The plot is deceptively simple: married couple Deeley (Bennett Haara and Conner Hunt) and Kate (Gabi Velinova and Lauren Veldhuizen) host Anna (Ashlyn Collings and B.G. Cave), Kate’s friend from twenty years earlier. Over drinks and conversation, the three trade stories about their shared past, yet their memories do not align. What begins as a nostalgic recollection slowly morphs into a quiet battle over who remembers “correctly.”
“‘Old Times’ reveals how much we come to define ourselves through memory and how disorienting its distortion and weaponization can be,” Gendrich wrote in her director’s note.
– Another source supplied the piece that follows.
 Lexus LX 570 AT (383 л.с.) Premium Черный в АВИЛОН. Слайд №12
That idea guided the play’s production from its earliest stages. Last semester, under Gendrich’s guidance, junior Ziqi Huang researched the mechanics of memory in preparation for the show. She studied how the brain encodes information, how recall changes over time and how easily memories can be reshaped.
“We came to the realization that Pinter had this good intuition about the ability of memory,” Huang said. “Back when the play was written, neuroscience was not that advanced to tell us how we can change or implant the memory — yet Pinter is able to use his words to capture how memory plays a role in human connection.”
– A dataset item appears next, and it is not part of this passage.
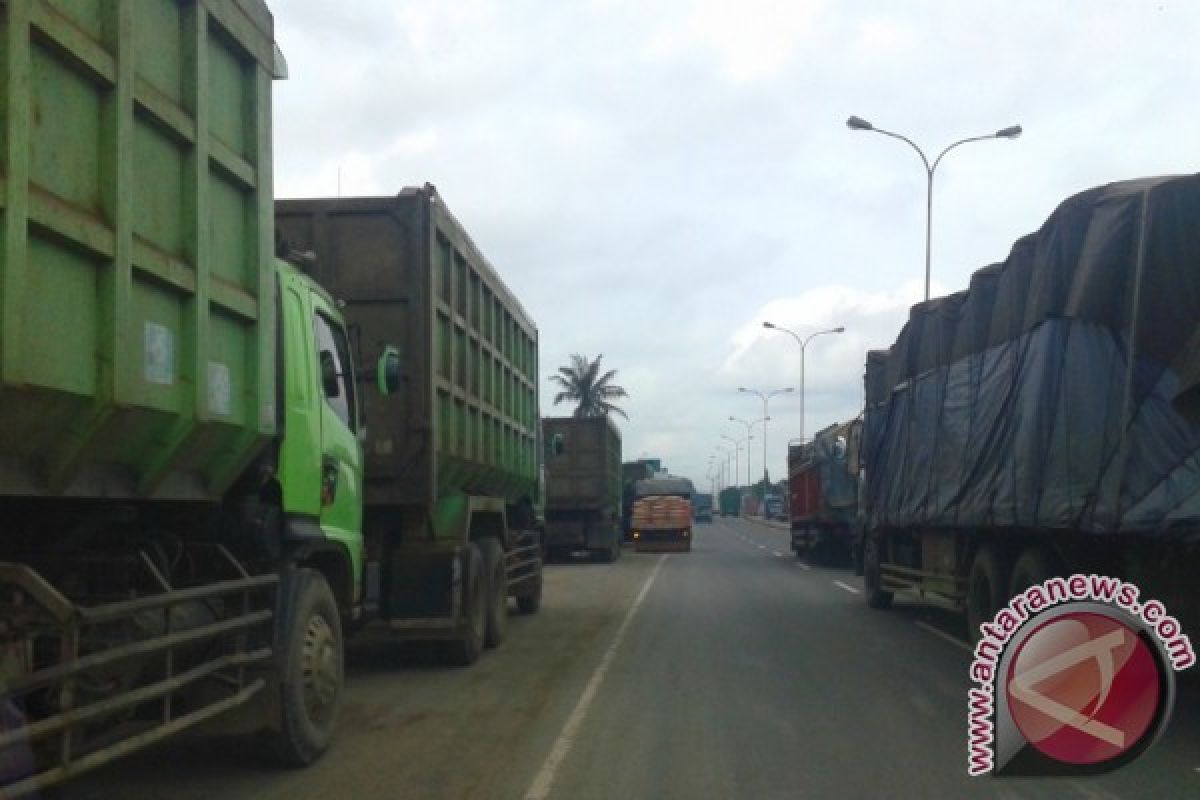 Jalan Lampung hancur karena truk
Huang’s research framed the play as a psychological process unfolding in real time. Each character’s version of the past becomes an attempt to stabilize the present. If memory defines who we are, then controlling the narrative of memory becomes a way to control identity itself.
Now, Huang calls “Old Times” her favorite play.
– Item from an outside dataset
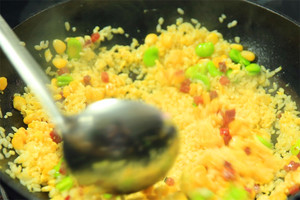 然后加入炒好的食材混合均勻，炒熟即可。出鍋前加少許黑胡椒、鹽和蔥花就可以啦?。?！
“It has rich subtext and invites you to observe everything that is happening between the three characters,” Huang said. “It’s purposely ambiguous.”
That ambiguity extended to casting. Unlike most mainstage productions at Wake Forest, “Old Times” featured two separate casts who alternated performance nights. After initially rotating scene partners in rehearsal, each cast developed individual dynamics after Gendrich finalized their performance arrangements.
As Huang sees it, ambiguity has the power to create different subtexts — and it certainly did in the case of “Old Times.” Though both casts spoke the same lines, their interpretations were strikingly different.
“Bennett [Haara, who was cast as Deeley in one production] and I are bringing our different lives and experiences to it and thus creating entirely different characters and different worlds,” said Hunt, the other actor playing Deeley.
In a play about perspective, the double casting emphasized the argument that no single version of events holds absolute authority. It’s a reminder that how we remember — and how we live — is never universal. Each perspective is valid in its own way.
“Memories are not necessarily what we think they are,” Hunt said. “My lived experience in this moment will differ from your lived experience, and in ten years, both of us will remember this conversation differently. And that is a fantastic thing.”
In “Old Times,” that difference is not a flaw. It is the point.